- [Your goal]: If a line below falls between the line with "עגלת בייבי ג'וגר סיטי מיני 4 גלגלים" and the line with "ベッドアンドブレックファースト Chambres D Hôtes à Raveau", or is one of those two, output it exactly; output nothing else and no pictures.

- [Extracted entries]:
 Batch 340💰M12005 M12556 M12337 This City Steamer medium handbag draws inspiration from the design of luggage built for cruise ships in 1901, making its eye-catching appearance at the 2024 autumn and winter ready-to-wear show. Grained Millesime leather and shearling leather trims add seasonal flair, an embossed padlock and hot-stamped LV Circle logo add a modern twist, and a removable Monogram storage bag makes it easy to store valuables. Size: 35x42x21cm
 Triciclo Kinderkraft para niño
...
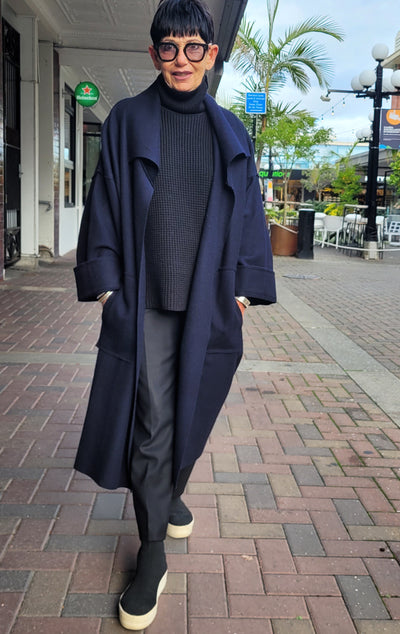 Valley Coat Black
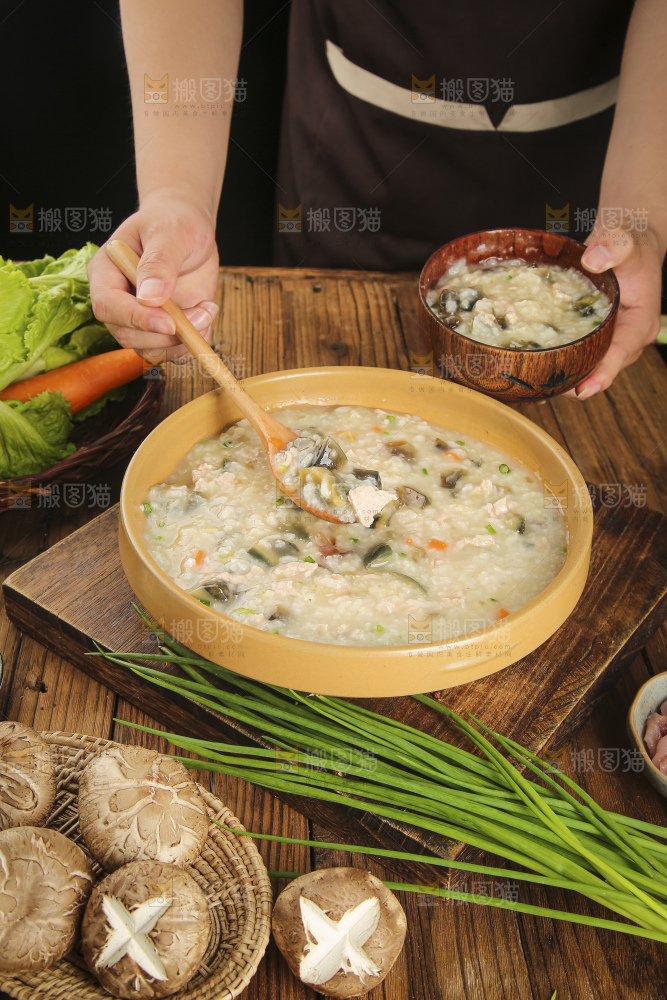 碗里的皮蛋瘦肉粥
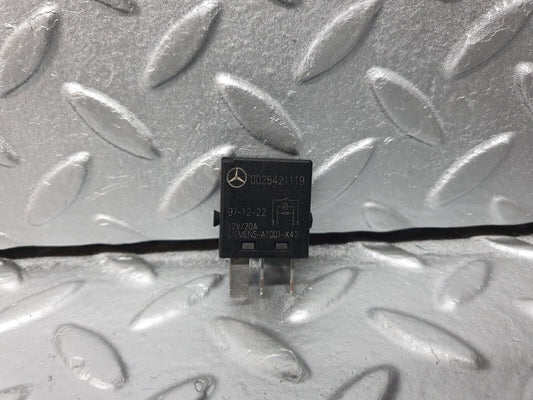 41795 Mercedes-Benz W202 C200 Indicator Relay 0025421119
--
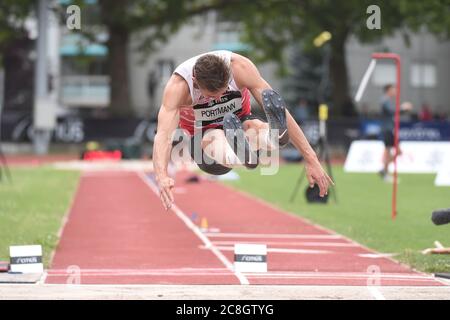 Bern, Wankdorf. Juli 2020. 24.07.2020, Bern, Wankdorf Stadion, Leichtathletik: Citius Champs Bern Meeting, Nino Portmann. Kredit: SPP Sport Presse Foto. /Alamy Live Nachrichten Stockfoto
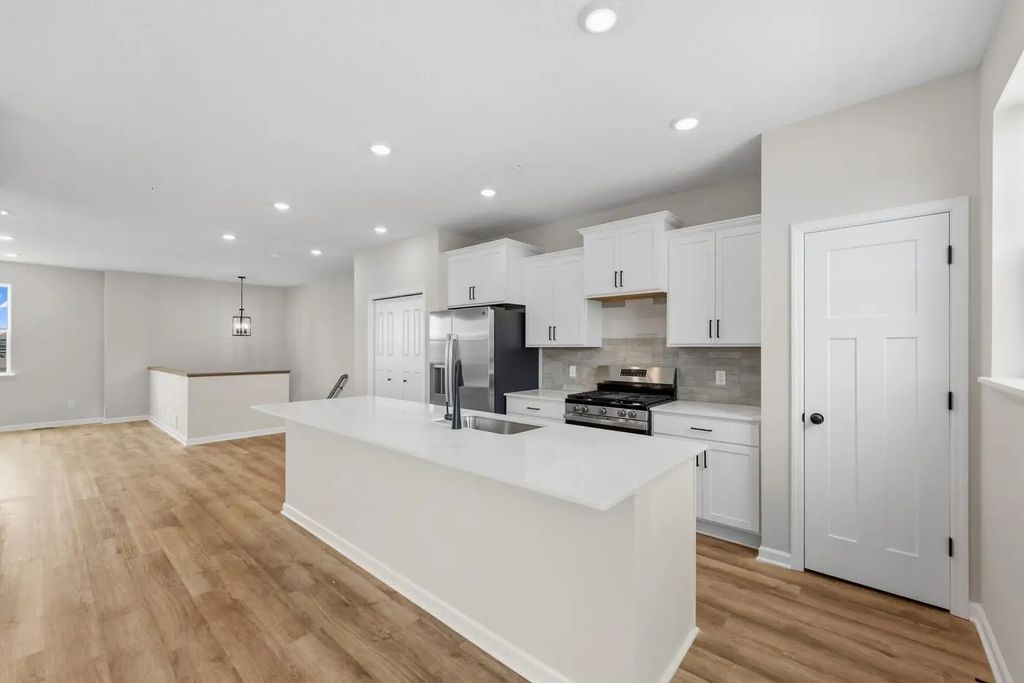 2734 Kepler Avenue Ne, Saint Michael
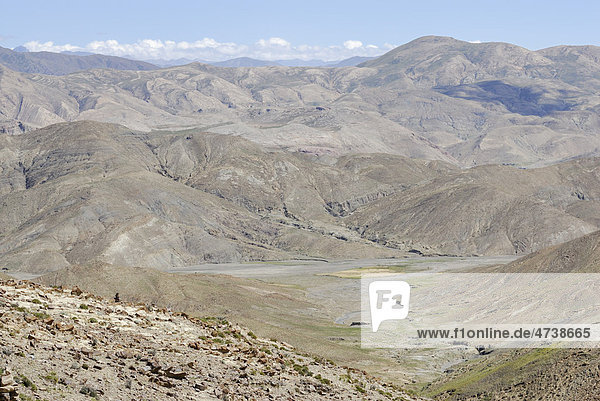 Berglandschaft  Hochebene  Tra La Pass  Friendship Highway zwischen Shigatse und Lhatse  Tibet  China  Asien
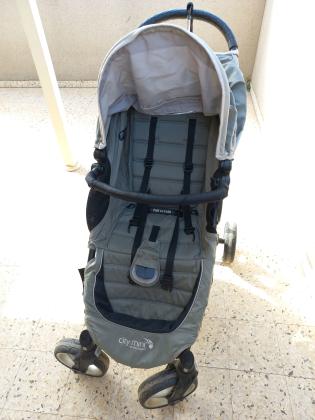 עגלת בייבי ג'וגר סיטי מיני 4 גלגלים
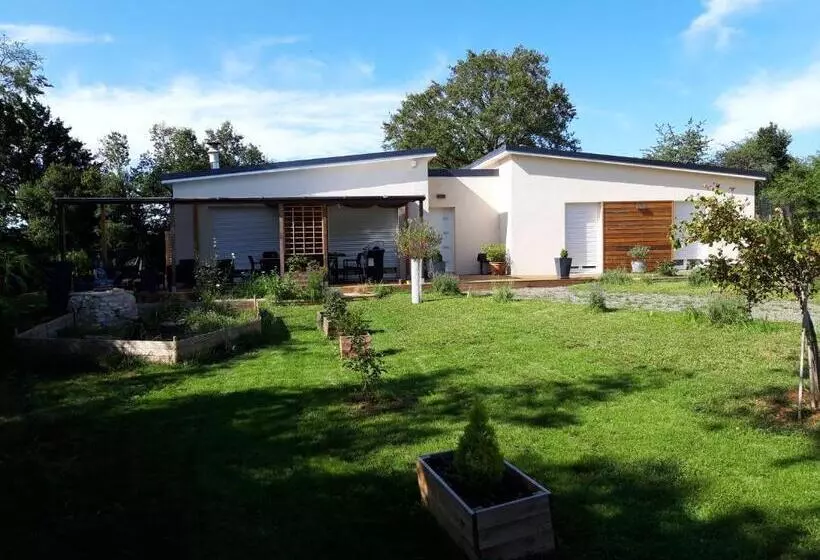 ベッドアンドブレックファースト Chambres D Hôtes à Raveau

- [Response below]:
 עגלת בייבי ג'וגר סיטי מיני 4 גלגלים
 ベッドアンドブレックファースト Chambres D Hôtes à Raveau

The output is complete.